Problem description
Using the entries below, output exactly the lines from the one containing "4k drone forward" through the final line, both included, and no others.
Available data Block Start
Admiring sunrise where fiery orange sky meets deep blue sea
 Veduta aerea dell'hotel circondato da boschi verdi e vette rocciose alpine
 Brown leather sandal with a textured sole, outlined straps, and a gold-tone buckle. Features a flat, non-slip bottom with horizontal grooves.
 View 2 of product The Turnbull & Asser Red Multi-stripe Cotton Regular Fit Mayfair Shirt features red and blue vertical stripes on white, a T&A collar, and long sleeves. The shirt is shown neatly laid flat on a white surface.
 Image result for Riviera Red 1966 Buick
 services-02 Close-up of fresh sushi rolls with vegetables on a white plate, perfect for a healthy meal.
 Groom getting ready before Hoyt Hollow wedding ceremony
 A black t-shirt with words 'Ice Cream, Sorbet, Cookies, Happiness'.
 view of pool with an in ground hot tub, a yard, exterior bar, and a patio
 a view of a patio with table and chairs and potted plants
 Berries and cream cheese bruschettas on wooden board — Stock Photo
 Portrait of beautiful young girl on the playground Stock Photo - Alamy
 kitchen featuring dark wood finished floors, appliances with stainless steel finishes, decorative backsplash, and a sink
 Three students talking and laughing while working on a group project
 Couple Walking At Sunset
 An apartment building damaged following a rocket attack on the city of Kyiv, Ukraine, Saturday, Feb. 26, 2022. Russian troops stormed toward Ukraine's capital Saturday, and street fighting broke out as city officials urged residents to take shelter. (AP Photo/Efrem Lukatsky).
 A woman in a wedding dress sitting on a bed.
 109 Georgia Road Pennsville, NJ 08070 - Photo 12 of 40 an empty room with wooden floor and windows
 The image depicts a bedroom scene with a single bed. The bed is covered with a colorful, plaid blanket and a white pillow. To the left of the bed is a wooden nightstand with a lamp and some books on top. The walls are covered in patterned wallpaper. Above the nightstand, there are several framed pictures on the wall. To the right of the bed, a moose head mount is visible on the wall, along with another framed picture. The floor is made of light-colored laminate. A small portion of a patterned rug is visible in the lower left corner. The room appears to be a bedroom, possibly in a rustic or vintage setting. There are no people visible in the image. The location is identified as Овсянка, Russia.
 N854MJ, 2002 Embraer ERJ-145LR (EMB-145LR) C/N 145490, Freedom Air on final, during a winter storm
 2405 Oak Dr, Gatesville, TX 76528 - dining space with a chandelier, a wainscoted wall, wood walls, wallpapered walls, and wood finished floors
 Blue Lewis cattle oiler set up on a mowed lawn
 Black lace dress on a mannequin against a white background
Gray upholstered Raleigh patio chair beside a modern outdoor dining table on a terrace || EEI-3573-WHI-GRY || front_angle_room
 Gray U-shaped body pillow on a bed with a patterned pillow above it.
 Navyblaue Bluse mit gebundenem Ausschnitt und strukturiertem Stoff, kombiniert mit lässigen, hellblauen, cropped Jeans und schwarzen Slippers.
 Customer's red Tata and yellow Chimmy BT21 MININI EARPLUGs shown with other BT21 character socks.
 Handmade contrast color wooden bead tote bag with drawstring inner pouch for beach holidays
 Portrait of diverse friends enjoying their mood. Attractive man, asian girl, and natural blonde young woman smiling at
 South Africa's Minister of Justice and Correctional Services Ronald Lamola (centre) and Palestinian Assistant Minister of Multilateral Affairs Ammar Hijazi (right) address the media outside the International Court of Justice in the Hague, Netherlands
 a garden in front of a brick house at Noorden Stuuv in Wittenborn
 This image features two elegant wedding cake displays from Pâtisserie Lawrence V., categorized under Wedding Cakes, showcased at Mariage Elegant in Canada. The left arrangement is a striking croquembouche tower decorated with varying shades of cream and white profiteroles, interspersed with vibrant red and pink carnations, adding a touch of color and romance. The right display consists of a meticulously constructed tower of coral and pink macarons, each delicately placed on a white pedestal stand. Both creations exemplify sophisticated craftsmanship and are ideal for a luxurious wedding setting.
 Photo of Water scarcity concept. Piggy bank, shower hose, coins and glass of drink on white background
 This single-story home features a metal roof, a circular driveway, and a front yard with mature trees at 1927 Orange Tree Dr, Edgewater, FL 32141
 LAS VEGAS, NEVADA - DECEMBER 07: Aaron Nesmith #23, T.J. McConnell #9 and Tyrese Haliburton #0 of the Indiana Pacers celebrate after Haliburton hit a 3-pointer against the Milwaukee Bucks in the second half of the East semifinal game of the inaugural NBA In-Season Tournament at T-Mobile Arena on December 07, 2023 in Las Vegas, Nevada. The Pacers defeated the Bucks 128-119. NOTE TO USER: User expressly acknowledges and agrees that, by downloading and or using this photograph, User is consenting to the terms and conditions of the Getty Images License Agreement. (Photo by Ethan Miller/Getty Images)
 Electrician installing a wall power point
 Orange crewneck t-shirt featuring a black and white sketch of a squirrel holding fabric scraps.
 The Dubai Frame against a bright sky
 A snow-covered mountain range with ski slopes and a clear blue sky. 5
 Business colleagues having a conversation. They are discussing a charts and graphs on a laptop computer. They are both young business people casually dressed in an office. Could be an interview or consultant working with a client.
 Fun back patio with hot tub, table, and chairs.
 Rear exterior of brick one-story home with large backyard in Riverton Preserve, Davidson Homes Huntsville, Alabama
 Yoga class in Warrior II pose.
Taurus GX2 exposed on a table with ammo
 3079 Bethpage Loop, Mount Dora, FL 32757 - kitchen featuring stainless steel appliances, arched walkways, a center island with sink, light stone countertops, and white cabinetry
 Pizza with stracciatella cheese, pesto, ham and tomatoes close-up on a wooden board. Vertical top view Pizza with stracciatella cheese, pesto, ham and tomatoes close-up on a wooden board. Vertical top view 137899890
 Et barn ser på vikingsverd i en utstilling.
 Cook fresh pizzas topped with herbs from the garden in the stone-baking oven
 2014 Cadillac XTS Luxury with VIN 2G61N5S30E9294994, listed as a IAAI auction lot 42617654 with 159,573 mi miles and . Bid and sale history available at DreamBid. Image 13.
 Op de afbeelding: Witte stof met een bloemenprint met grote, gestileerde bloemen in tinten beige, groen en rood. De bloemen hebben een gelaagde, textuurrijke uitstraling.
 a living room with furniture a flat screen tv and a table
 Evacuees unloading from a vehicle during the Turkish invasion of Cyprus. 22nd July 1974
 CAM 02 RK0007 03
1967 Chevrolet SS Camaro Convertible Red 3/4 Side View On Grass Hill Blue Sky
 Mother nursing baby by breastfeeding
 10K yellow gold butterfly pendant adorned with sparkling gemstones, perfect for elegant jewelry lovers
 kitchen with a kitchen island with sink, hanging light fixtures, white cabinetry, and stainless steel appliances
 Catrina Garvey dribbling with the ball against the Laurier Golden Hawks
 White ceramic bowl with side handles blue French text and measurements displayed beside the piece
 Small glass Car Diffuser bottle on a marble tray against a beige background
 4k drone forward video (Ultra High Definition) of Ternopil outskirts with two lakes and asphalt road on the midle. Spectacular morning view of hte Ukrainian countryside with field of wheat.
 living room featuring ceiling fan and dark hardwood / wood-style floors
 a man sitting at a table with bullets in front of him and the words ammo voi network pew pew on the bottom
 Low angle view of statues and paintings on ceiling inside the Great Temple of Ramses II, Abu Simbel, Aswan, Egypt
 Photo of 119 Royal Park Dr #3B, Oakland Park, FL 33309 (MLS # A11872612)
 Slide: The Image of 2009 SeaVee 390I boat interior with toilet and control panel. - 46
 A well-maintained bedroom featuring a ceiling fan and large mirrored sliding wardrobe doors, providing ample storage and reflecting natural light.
Available data Block End
Solved exercise
 4k drone forward video (Ultra High Definition) of Ternopil outskirts with two lakes and asphalt road on the midle. Spectacular morning view of hte Ukrainian countryside with field of wheat.
 living room featuring ceiling fan and dark hardwood / wood-style floors
 a man sitting at a table with bullets in front of him and the words ammo voi network pew pew on the bottom
 Low angle view of statues and paintings on ceiling inside the Great Temple of Ramses II, Abu Simbel, Aswan, Egypt
 Photo of 119 Royal Park Dr #3B, Oakland Park, FL 33309 (MLS # A11872612)
 Slide: The Image of 2009 SeaVee 390I boat interior with toilet and control panel. - 46
 A well-maintained bedroom featuring a ceiling fan and large mirrored sliding wardrobe doors, providing ample storage and reflecting natural light.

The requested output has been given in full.